Data provided Block Start

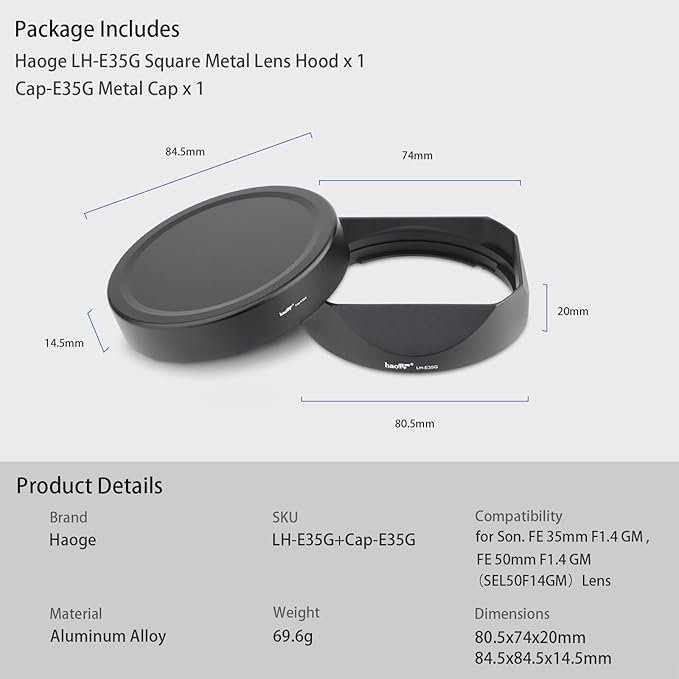 Haoge Lens Hood Metal Square Bayonet for Sony FE 35mm F1.4 GM, FE 50mm F1.4 GM,with Metal Front Cap, Replaces Sony FE35mm F1.4 GM Hood ALC-SH164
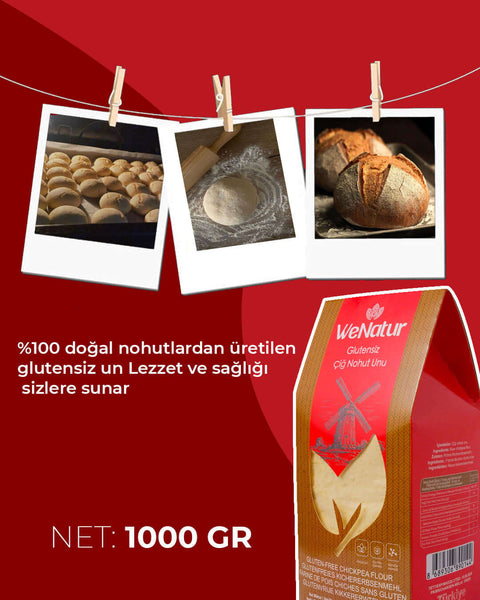 WeNatur Glutensiz Çiğ Nohut Unu 1000 Gr. - Doğal nohutlardan üretilen sağlıklı un ve ekmek çeşitleri.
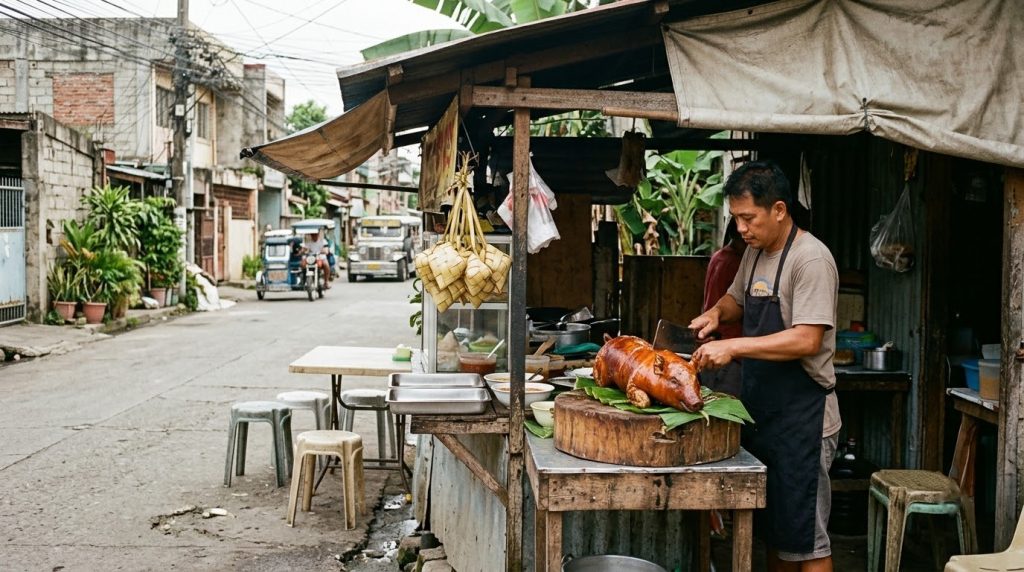 A street food stall selling lechon in Cebu City, Philippines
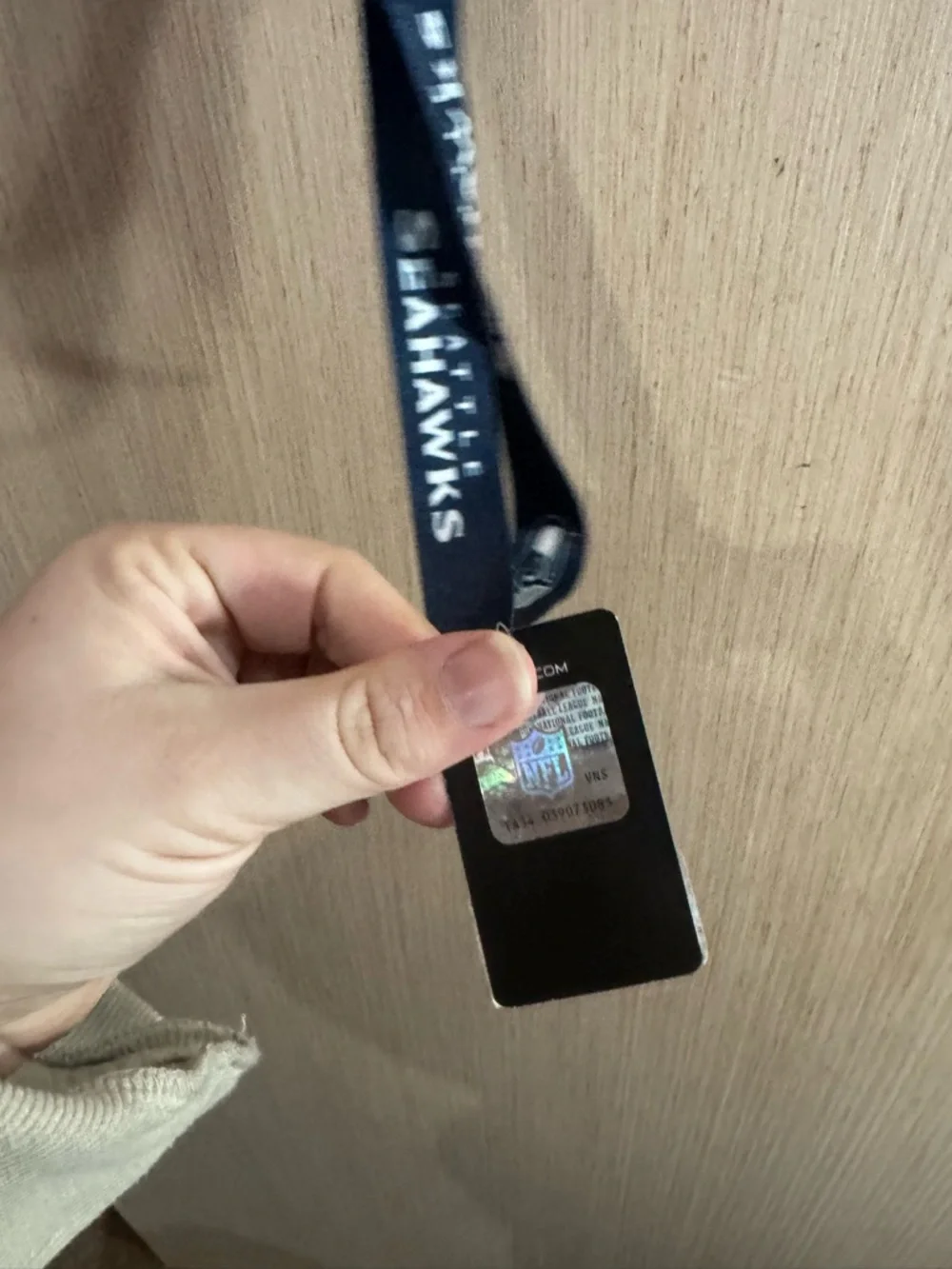 NFL Seattle Seahawks Navy and White Lanyard NWT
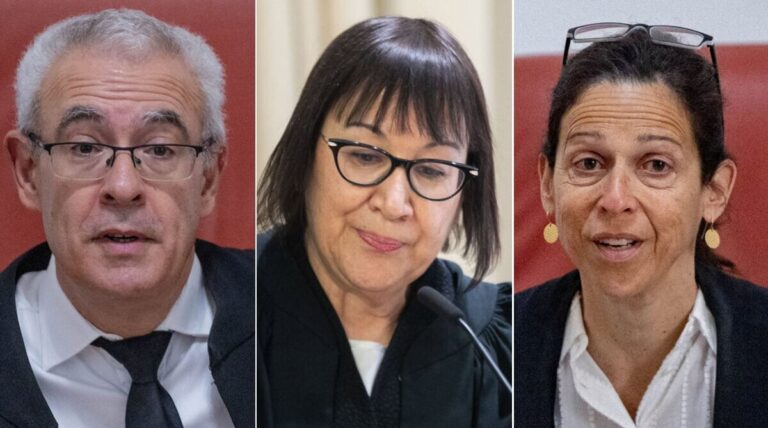 From right: Supreme Court Justices Ruth Ronen, Gila Kanfi-Steinitz, and Ofer Grosskopf (Photos: Flash90)
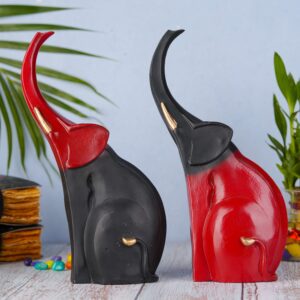 Elephant Statue  Red And Black-Set Of 2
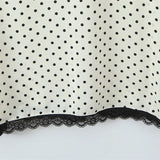 Style Lace Trim Spliced Camisole Dress For Women Polka Dot Print Vacation Beach Long Dress Backless Deep V Sleeveless Dress 82UF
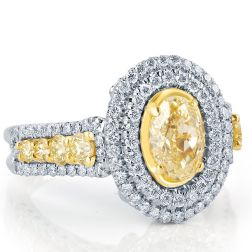 GIA 2.52Ct Yellow Oval Round Graduated Side Diamond Ring 18k Gold
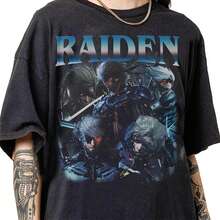 Retro 90s Vintage Raiden Metal G Rising Bootleg T-Shirt, Raiden Game Graphic Retro Tee, Metal Gear Gifts For Women And Man Unisex TShirt - 黑色 - 查看 1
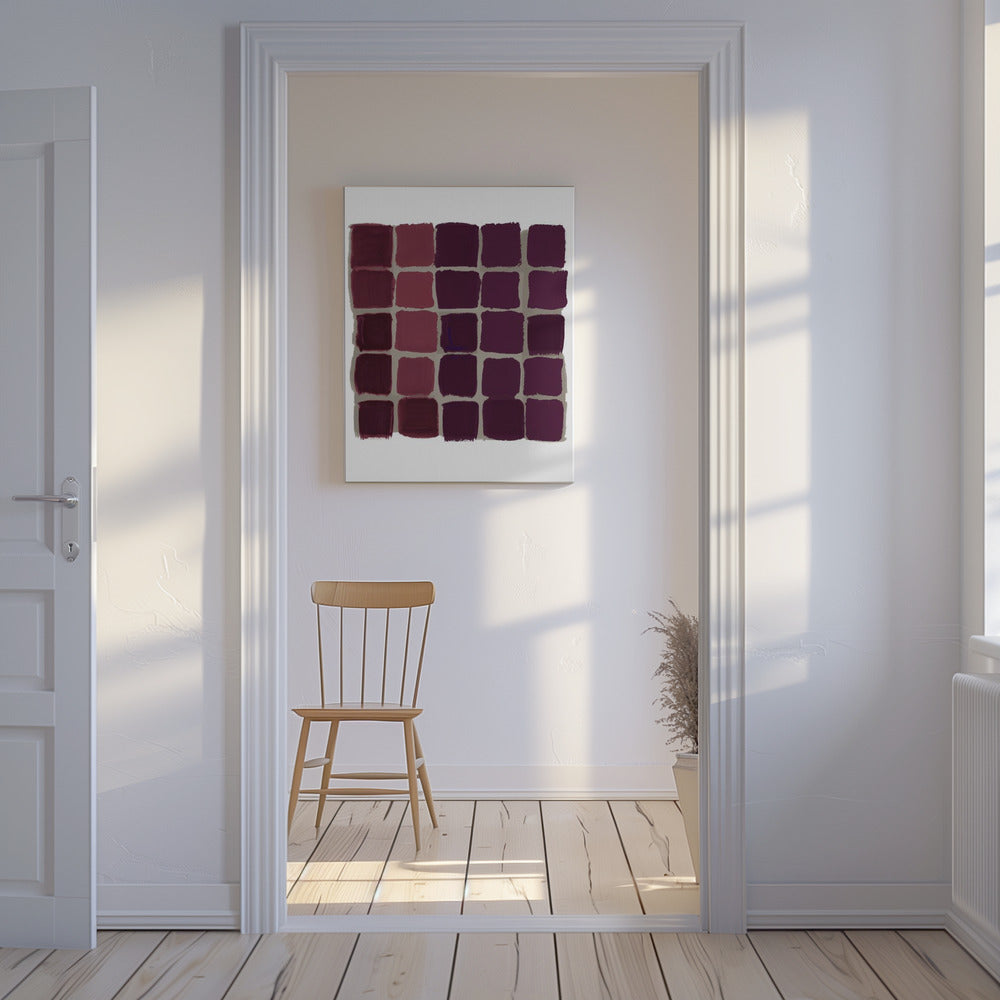 Rot kariertes Quadrat | Leinwand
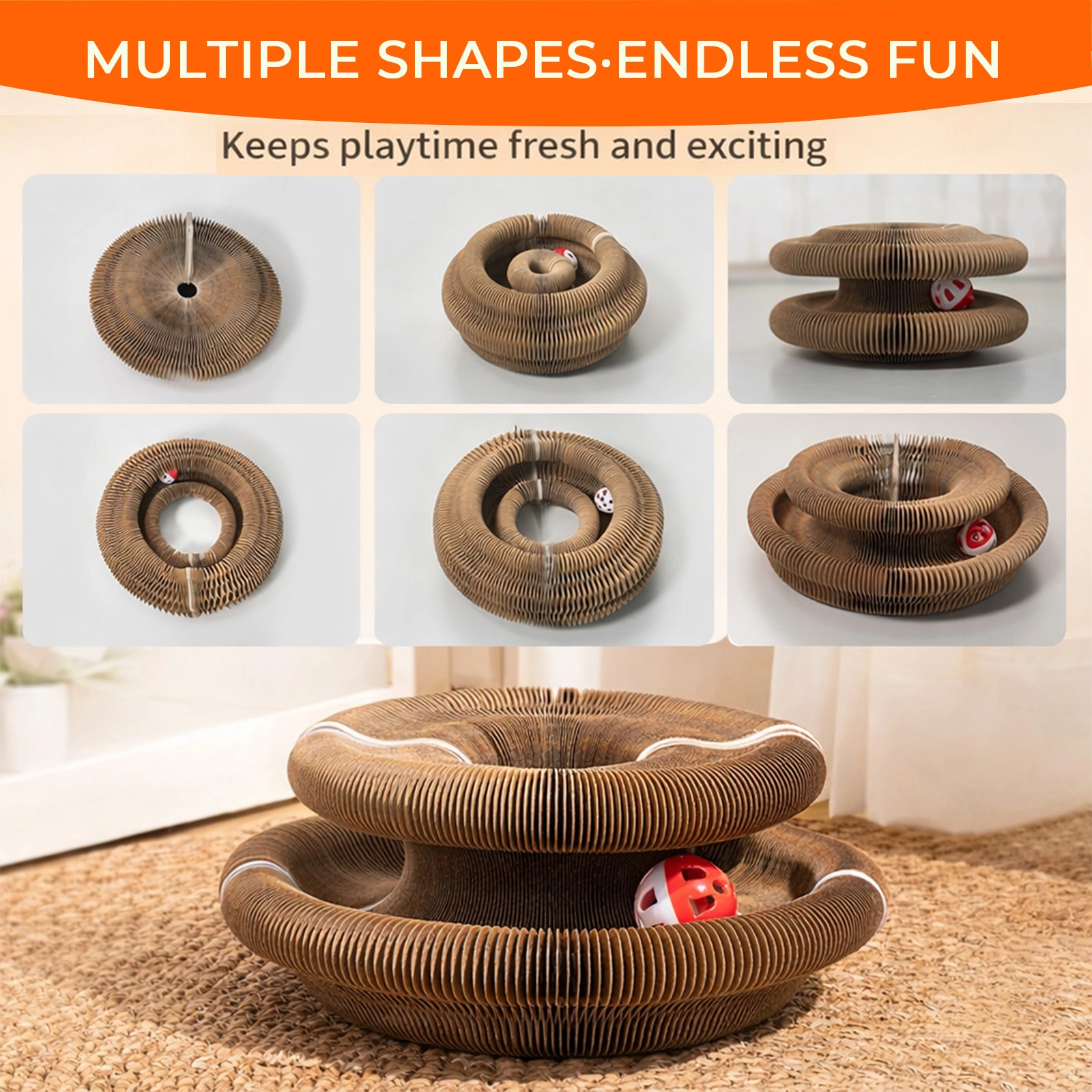 Kitty Curls Cat Toy - Foldable Accordion Cat Scratcher withBall - Magic Organ Cat Scratch Board for Interactive Play -Calming Features view 7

Data provided Block End

Task requirements: The answer is the lines above, word for word, from the first one through the one containing "NFL Seattle Seahawks"; it includes no pictures.

Problem solution:
 Haoge Lens Hood Metal Square Bayonet for Sony FE 35mm F1.4 GM, FE 50mm F1.4 GM,with Metal Front Cap, Replaces Sony FE35mm F1.4 GM Hood ALC-SH164
 WeNatur Glutensiz Çiğ Nohut Unu 1000 Gr. - Doğal nohutlardan üretilen sağlıklı un ve ekmek çeşitleri.
 A street food stall selling lechon in Cebu City, Philippines
 NFL Seattle Seahawks Navy and White Lanyard NWT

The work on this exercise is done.